→ **Problem to work on**
In the entries below, find the line with "Reitturnier Ahlen 2017" and the line with "Ara Militaris Military Macaw Green parrot Ara". Repeat exactly everything between them, those two lines included, but not the pictures.

→ **Data**

○ ○ ○

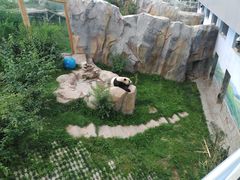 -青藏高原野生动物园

○ ○ ○

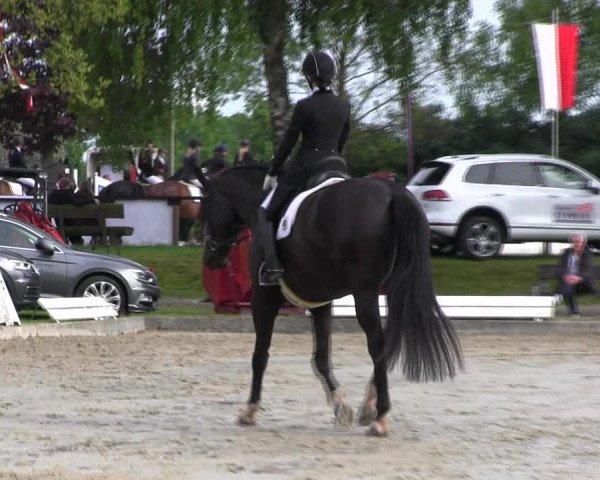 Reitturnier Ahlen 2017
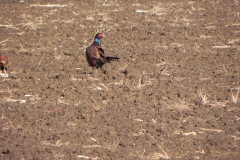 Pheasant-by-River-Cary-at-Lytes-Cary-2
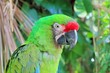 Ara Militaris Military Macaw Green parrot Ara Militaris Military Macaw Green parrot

○ ○ ○

→ **Solution for this task**
 Reitturnier Ahlen 2017
 Pheasant-by-River-Cary-at-Lytes-Cary-2
 Ara Militaris Military Macaw Green parrot Ara Militaris Military Macaw Green parrot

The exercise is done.